8 o’clock Christmas morning – breakfast at a restaurant at the corner of Pearl and Market Streets
– and have returned to my room 212 Seventh Street.
The postman brought a letter and cards from Leroy M. with a present and two Christmas cards.
One card reads as follows: “An Olde fashioned Xmas greeting to you. How many Old
recollections does Christmas time awaken?” On the card the picture of a spinning wheel with a
distaff on which is wound a bunch of tow. The picture of this old spinning wheel carried me back
to my childhood days when mother sat by the little wheel and spun tow for our summer trousers,
and flax for our shirts. And that spinning wheel and the sentiment written there on kept me in the
house all day. For memory carried me back to a certain Christmas day of sixty years ago – for on
that ?Christmas morn of sixty years ago dawned on my nuptial day, go on the evening before I
had taken unto myself a wife.
And of these sixty years – what shall I write:
To that union were born eleven children, six boys and five girls, of whom but four are left – two
sons and two daughters, twenty-one grand children and ten great grandchildren.
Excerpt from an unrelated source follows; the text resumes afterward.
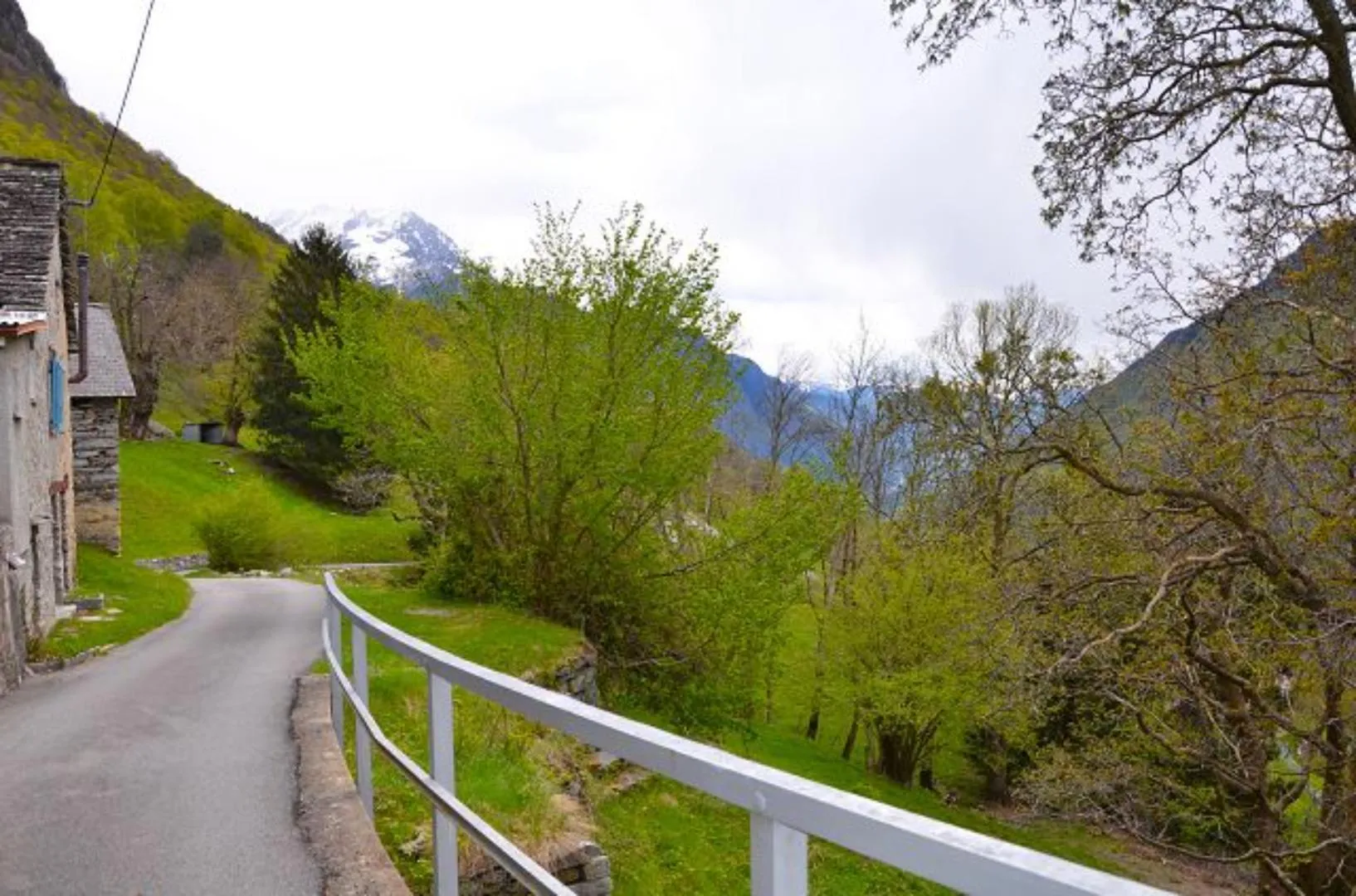Bild 12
How the years have flown: Mamma has been gone almost twenty years and Elda two years after
– and I alone, no, not alone, for God has been with me. Yet all these twenty years I have been a
pilgrim and a wanderer on the earth, and yet His goodness and mercy has followed me all those
years. Everywhere I go I find Christian fellowship and good cheer; verily, he has brought me out
into a large place among the vicissitudes of life. He has enlarged my field of usefulness, and at
this lat period in life, He has given me strength of body and mind to go into the realm of research
and literature of which seven years ago I had no thought of attaining, much less to be able to do
what I have done. And it comes to me easily and I take great pleasure in it.
Dedicated to my children, this 83rd anniversary of my Christmas:
Leroy M., Gas City, Indiana, born 1855
Alice C., Auburn Neb., 1857
Ira G., Newton, Kan., born 1858
Elizabeth, Logansport, Ind., born 1874
Isaiah Wise Krider
The history as written by grandfather Isaiah W. Krider you will note is somewhat garbled,
repetitions are quite numerous, and perhaps some errors exist, but when you consider that at the
time grandfather wrote it he was a man past eight three years of age, and one who had by little
schooling, it is quite a remarkable story, and we should so consider it. In the main it is correct
and gives largely what we desire in a family history.